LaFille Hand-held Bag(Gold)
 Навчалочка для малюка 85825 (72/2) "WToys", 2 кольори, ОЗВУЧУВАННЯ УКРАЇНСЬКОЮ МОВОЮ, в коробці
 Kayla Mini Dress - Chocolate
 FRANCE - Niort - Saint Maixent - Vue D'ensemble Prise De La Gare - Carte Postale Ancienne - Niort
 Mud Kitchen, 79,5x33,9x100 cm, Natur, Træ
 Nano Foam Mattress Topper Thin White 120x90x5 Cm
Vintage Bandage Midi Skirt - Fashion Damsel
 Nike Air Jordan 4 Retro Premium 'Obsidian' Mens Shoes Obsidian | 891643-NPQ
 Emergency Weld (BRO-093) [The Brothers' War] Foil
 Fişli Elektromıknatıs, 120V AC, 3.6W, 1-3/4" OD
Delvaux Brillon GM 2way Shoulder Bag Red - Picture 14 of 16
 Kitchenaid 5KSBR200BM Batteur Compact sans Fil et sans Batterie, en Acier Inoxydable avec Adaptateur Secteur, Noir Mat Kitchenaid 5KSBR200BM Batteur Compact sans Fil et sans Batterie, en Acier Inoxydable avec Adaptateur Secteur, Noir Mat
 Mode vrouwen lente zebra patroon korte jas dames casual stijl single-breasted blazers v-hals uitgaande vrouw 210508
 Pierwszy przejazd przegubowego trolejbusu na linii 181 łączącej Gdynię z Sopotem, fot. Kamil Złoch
▬▬▬
What is needed is an exact copy of the lines from the one containing "Noir Mat Kitchenaid" through the final line of the data, both included, and nothing more.

### Solution to this task
 Kitchenaid 5KSBR200BM Batteur Compact sans Fil et sans Batterie, en Acier Inoxydable avec Adaptateur Secteur, Noir Mat Kitchenaid 5KSBR200BM Batteur Compact sans Fil et sans Batterie, en Acier Inoxydable avec Adaptateur Secteur, Noir Mat
 Mode vrouwen lente zebra patroon korte jas dames casual stijl single-breasted blazers v-hals uitgaande vrouw 210508
 Pierwszy przejazd przegubowego trolejbusu na linii 181 łączącej Gdynię z Sopotem, fot. Kamil Złoch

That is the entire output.